Appreciative Inquiry uses questions to build a vision for the future, focusing on past and potential future successes. These questions are then taken to the wider community. The focus is usually on what people enjoy about an area, their hopes for the future, and their feelings about their communities.
Description
The questions are designed to encourage people to tell stories from their own experience of what works. By discussing what has worked in the past and the reasons why, the participants can go on to imagine and create a vision of what would make a successful future that has a firm grounding in the reality of past successes. This process can be implemented in a number of different ways as long as the principle of retrospective appreciation and a future vision remains.
- Discovery Stage: Appreciative Inquiry is a strength-based approach. Instead of asking, as most approaches do, “what are the problems?” Appreciative Inquiry asks “what works?” this is called the ‘discovery’ stage. For example, participants that make up an initial ‘core group’ may identify a certain youth club as playing a positive role in the area by providing afterschool activities for children. This allows participants to focus on the good as AI is based on the idea that there are always identifiable positives.
- Dream Stage: Following on with the previous example, community members would dream about their community containing all of the positive features that were identified in the discovery stage as being the norm in the area. In reality the community may be blighted by anti-social behavior and so in the dream stage, they may imagine the youth centre as playing an even more proactive role.
- Design Stage: The participants work together and try to identify steps that can make the dream stage a reality. Interaction with the wider community becomes necessary as the participants may want to see the youth centre extend its opening hours to include weekends. Since this would require engagement with citizens outside of the core group, participants would connect with the wider community to gather feedback.

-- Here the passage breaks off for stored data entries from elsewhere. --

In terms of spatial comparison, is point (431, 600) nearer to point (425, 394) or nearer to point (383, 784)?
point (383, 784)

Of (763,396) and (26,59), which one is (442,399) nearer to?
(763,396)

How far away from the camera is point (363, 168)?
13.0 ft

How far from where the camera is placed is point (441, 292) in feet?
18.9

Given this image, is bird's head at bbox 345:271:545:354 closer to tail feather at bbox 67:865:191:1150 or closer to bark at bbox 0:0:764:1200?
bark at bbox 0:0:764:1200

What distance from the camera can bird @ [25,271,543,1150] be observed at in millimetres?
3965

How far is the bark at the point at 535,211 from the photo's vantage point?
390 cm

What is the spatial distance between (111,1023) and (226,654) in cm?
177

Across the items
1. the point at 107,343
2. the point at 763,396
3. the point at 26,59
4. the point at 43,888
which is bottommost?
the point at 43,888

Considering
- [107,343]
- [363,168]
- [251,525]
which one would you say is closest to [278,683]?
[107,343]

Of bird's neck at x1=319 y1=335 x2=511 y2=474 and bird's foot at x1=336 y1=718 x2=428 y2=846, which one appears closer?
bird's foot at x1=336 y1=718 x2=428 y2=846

- Destiny Stage: The final stage is focused on implementing previous ideas. Here adjustment occurs in attempt to secure future successes.

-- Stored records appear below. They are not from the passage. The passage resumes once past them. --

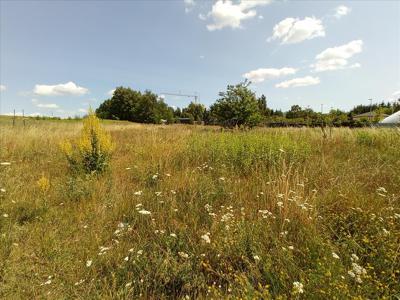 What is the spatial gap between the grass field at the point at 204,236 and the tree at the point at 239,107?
12.0m

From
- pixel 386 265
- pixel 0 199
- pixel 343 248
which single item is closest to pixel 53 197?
pixel 0 199

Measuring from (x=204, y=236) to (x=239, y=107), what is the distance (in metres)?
14.8

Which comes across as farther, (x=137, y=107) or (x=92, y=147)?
(x=137, y=107)

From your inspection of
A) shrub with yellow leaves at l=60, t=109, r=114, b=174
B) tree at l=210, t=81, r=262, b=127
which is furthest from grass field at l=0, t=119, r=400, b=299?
tree at l=210, t=81, r=262, b=127

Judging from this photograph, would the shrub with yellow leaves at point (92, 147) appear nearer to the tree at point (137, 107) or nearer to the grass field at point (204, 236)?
the grass field at point (204, 236)

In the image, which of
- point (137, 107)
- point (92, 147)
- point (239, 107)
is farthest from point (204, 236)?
point (137, 107)

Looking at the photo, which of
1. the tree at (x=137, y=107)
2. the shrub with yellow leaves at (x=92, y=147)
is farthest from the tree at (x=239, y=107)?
the tree at (x=137, y=107)

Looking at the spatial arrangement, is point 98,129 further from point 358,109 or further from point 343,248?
point 358,109

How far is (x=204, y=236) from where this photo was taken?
194 cm

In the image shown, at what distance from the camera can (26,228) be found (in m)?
2.54

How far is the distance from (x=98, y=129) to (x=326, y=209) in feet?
13.5

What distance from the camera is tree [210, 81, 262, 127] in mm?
15945

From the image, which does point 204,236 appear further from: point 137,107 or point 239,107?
point 137,107

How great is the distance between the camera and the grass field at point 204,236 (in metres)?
1.63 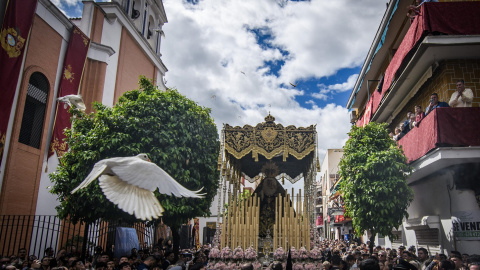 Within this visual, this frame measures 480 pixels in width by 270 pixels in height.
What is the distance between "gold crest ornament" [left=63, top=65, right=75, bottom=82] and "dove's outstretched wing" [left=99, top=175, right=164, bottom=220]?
9.78m

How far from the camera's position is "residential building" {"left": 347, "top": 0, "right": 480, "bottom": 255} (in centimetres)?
855

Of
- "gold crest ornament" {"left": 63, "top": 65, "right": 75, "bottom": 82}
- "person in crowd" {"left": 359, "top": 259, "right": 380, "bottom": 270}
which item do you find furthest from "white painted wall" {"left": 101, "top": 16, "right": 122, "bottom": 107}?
"person in crowd" {"left": 359, "top": 259, "right": 380, "bottom": 270}

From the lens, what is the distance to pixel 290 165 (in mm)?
11430

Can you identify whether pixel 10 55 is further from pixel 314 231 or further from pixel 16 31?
pixel 314 231

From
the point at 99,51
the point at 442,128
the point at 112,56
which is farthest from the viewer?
the point at 112,56

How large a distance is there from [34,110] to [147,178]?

In this example, what began as identifying good aspects of an otherwise troubled area, led the participants through a process of appreciation, recognition and finally, action.
Participants
Appreciative Inquiry begins with a core group of around 5-15 participants but the latter stages require branching out (in the Dream Stage) and in order to implement the ‘vision’. Through friends, family and strangers this network can develop to around 200 people.
Costs
Medium: Costs are usually associated with facilitation and regular meetings.
Approximate time expense
Medium – High: The appreciative questions are usually developed, tested and analysed in two to four half or full-day workshops. Reaching out to wider networks and participants can however take considerable time. Analysing the replies to all the questions and implementing decisions taken can be time-consuming.The results are then presented to the wider community in a larger event. Appreciative Inquiry therefore works best when it is run as a long term process of change.
Strengths
• Encourages people to focus on their own personal experiences through the use of stories.
• Fosters community involvement and engagement.

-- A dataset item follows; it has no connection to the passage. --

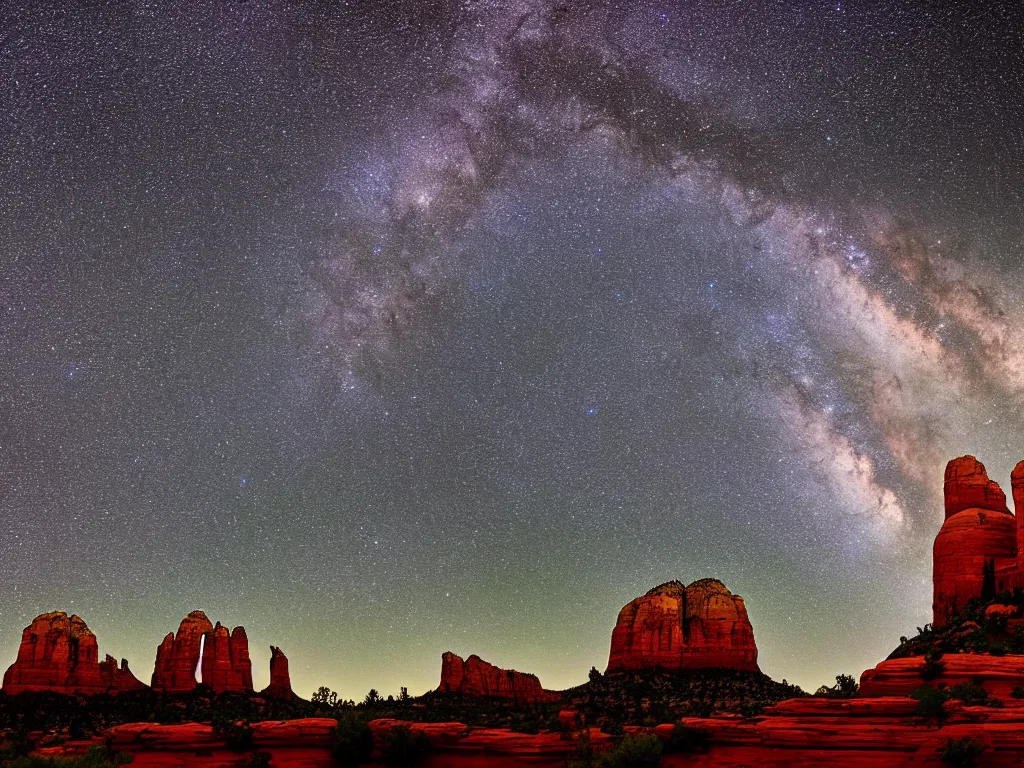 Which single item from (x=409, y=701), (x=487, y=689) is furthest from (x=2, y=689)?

• Builds on what has worked in the past and therefore is more likely to succeed.
• Creates a strong vision.
• Encourages partnership working. AI helps to develop partnerships by helping people to identify the values and behaviour they want the partnership to have in the future.
• Uses a set of principles to apply to other decisions in the future.
• Each community develops its own response to its own situation.
Weaknesses
• It is a philosophy first and a method second, so it is fairly loose.
• Some people view the lack of direct attention to problems as a weakness.
• Because of the relatively small numbers involved it can exclude some people
Origin
Developed by David Cooperrider and Suresh Srivastra at Case Western Reserve University in the U.S.. They wanted to challenge the problem-solving approach to the management of change, by showing that organisations are not machines to be fixed but organisms to be appreciated and affirmed.
More information
Cooperrider, David, Whitney, Diana, Stavros, Jacqueline. 2008. Appreciative Inquiry Handbook. Ohio: Crown Custom Publishing.